* Exercise data
•••
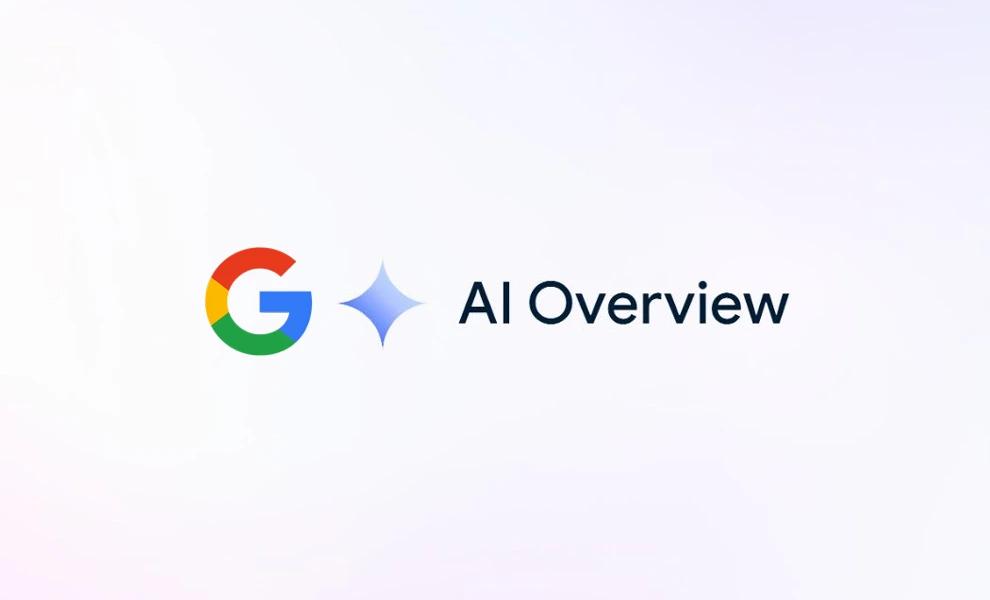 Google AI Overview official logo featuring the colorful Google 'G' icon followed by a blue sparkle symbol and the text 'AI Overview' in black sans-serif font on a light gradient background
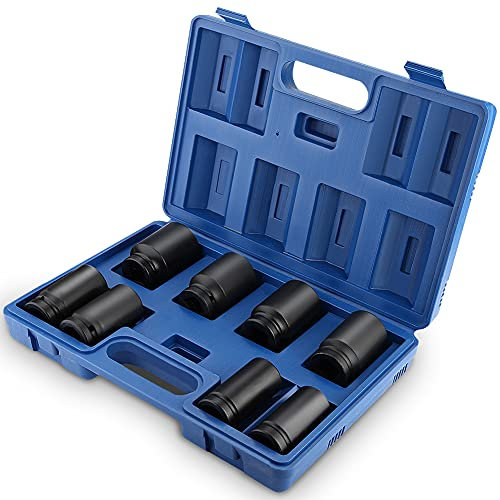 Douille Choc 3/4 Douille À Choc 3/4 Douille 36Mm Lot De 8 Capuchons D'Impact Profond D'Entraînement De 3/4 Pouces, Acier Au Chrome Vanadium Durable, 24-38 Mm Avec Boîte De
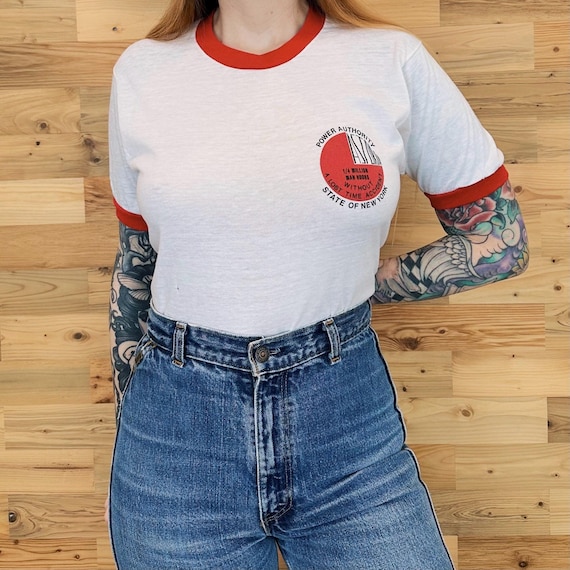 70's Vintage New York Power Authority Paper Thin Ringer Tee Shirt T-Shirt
•••
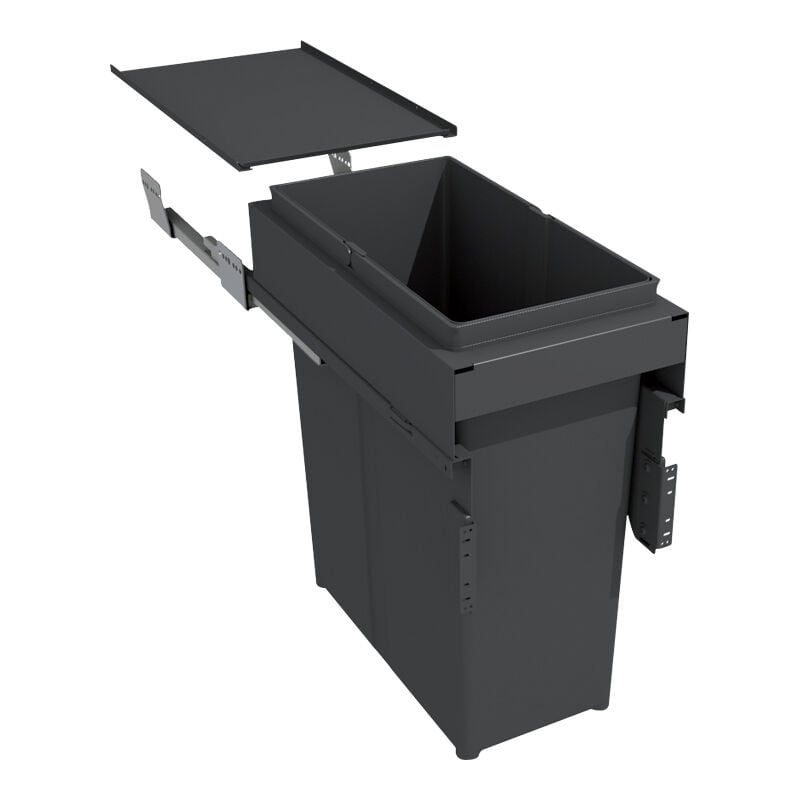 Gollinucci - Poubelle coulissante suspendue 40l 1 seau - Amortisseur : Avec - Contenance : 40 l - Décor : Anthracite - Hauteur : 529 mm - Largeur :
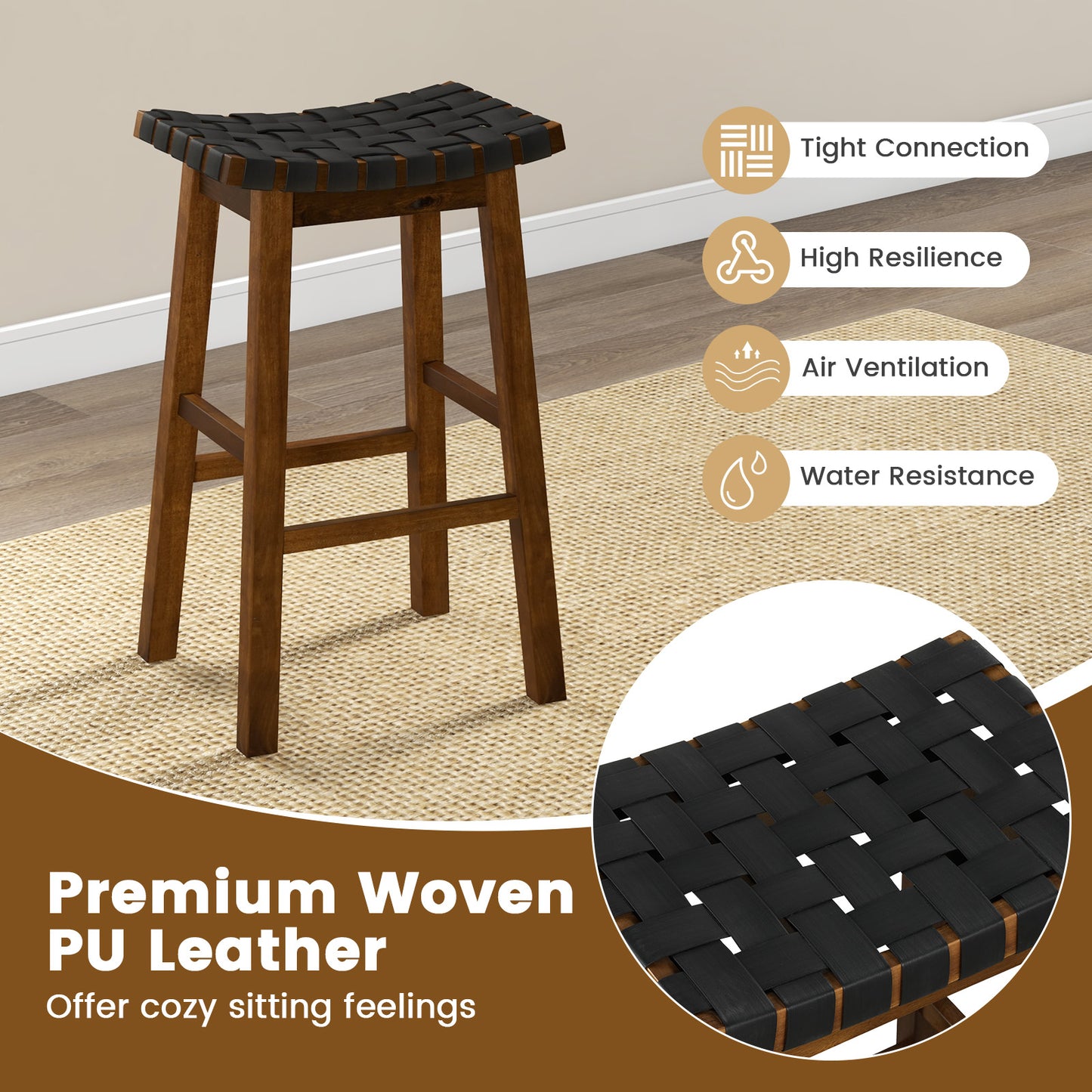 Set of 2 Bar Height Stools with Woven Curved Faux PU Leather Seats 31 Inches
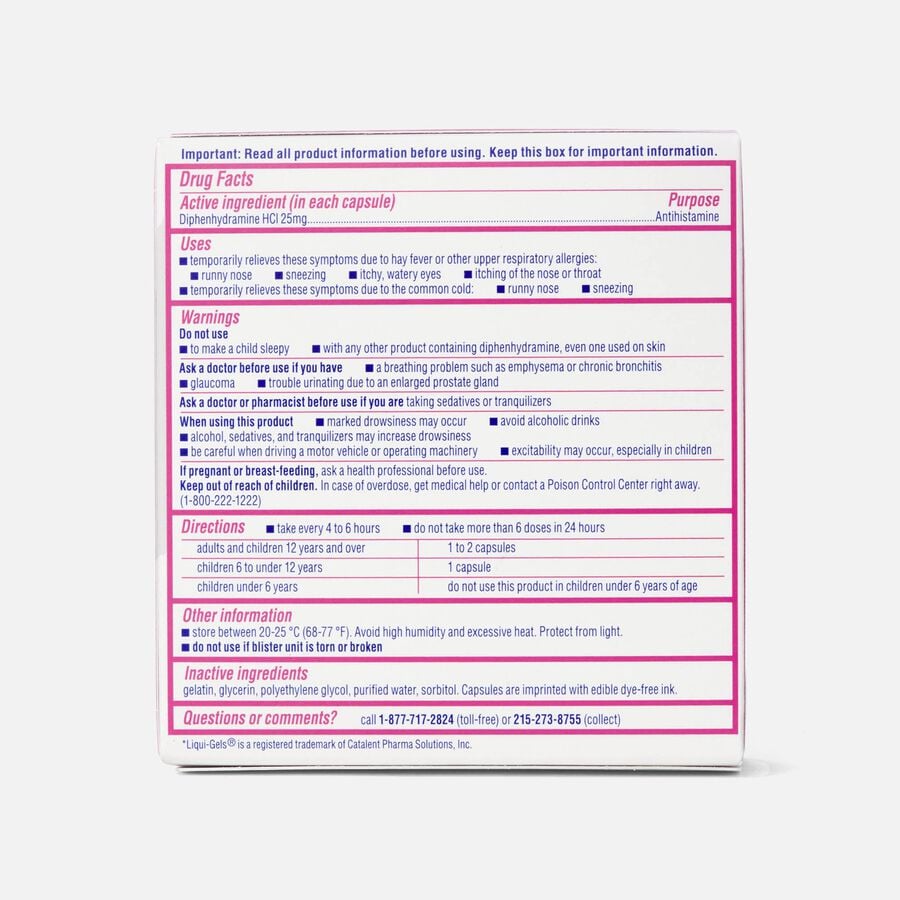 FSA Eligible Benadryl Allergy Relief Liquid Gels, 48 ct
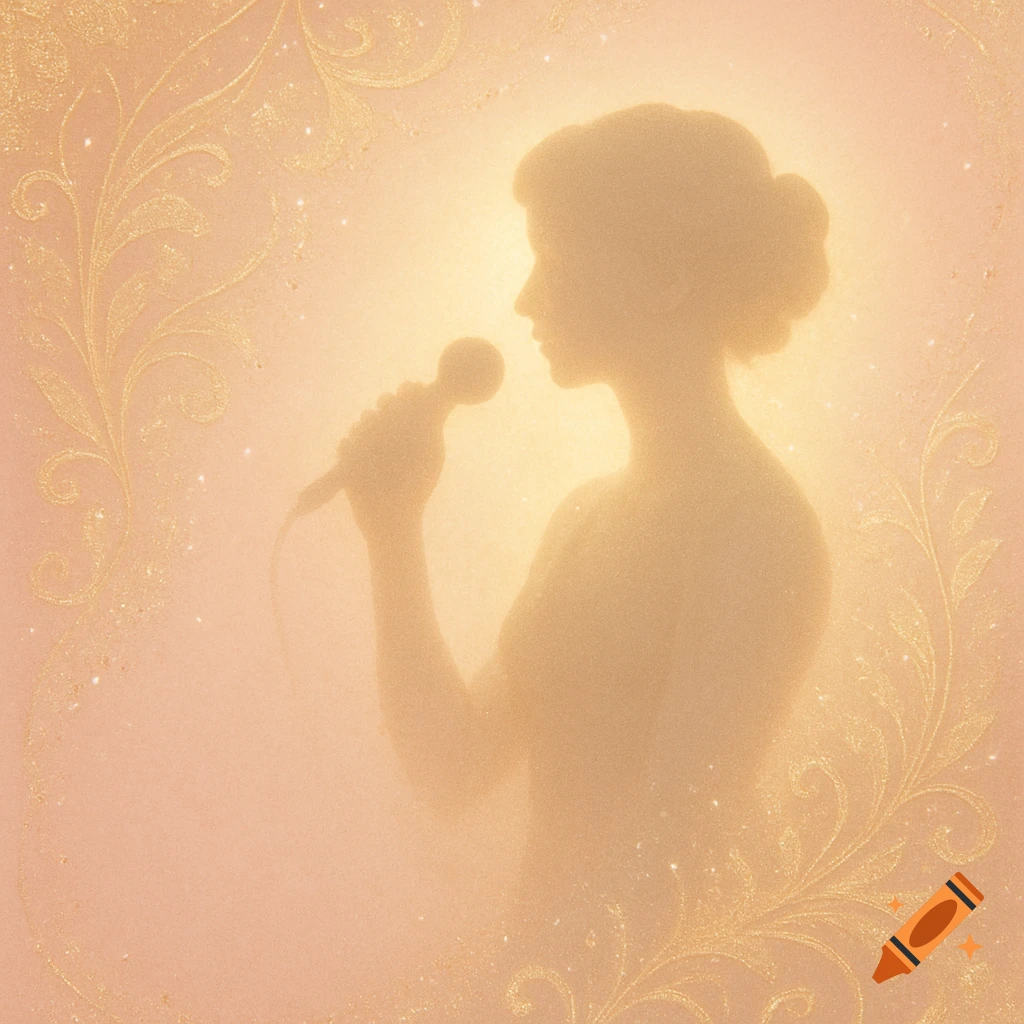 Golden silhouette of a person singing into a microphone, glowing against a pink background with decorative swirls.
•••
* Problem requirements
Everything above from the line that has "Google AI Overview" down to the line that has "70's Vintage New" should be output exactly, with both of those lines included. Leave the pictures behind.

* Answer
 Google AI Overview official logo featuring the colorful Google 'G' icon followed by a blue sparkle symbol and the text 'AI Overview' in black sans-serif font on a light gradient background
 Douille Choc 3/4 Douille À Choc 3/4 Douille 36Mm Lot De 8 Capuchons D'Impact Profond D'Entraînement De 3/4 Pouces, Acier Au Chrome Vanadium Durable, 24-38 Mm Avec Boîte De
 70's Vintage New York Power Authority Paper Thin Ringer Tee Shirt T-Shirt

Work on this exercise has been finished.